The Ketchikan Gateway Borough Assembly rejected a proposal Monday to work with the City of Ketchikan on a possible boroughwide tobacco tax.
During public comment, Terrance Robbins of the Ketchikan Wellness Coalition spoke in favor of a tobacco excise tax. He said that making tobacco more expensive helps deter people from smoking.
“Statistics from the state are: a 10 percent, which is about a dollar per pack, increase in the price of cigarettes, reduced adult smoking by 4 percent, reduces the number of youth who smoke by 7 percent,” he said. “It also reduces the number of pregnant women who smoke by 7 percent. And that’s just a 1 percent tax.”
Assembly Member Glenn Thompson was strongly opposed to a “sin tax,” stating that if the community feels tobacco is so harmful, it should simply ban it rather than use it as a source of revenue.
Thompson suggested that other things could be taxed, as well.
“You might want to take a look at a sin tax on alcohol, you might want to take a look at what we’re going to do with marijuana and anything else that people don’t like,” he said. “I personally don’t much care for bubble baths, so maybe we should have an excise tax on that.”
Assembly Member Bill Rotecki objected to the bubble bath comparison. He said tobacco use costs society a lot of money.

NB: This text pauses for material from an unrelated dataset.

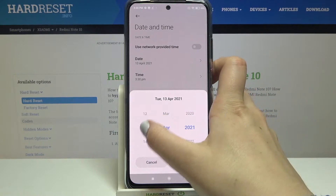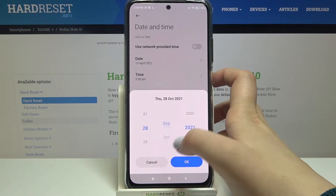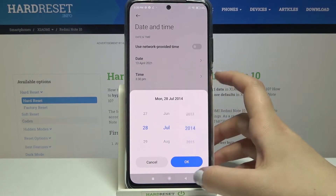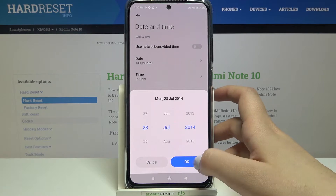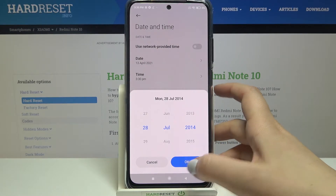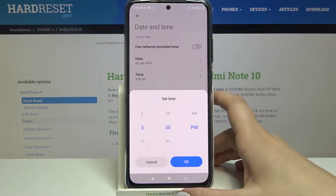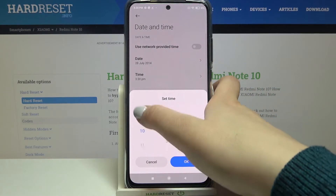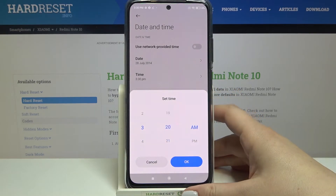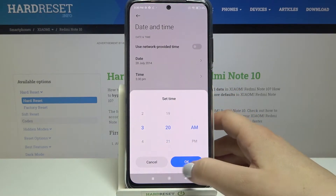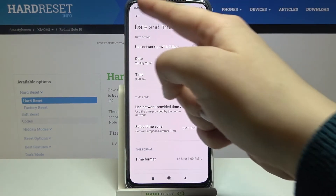Let me pick the date — as you can see, just by swiping we can choose the date we want to use, so for example this one. Remember to confirm it with OK. The same situation with the time — just by swiping we can choose the time we want to use and confirm it with OK.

“If I have a bubble bath, I don’t think it affects anybody else’s taxes, or their life or their health,” he said. “Cigarettes cost us, everyone in this room, a lot of money. We support the health care of those people who choose, or don’t choose – they just can’t break, even though they may want to. That comes out of our budget, indirectly in this community but certainly directly through other governments. And it’s huge.”
Assembly Member John Harrington argued that the proposal was too broad. The goal is to keep kids from taking up smoking, he said, but the language calls for a tax on all tobacco products and e-cigarettes, which contain nicotine but no tobacco.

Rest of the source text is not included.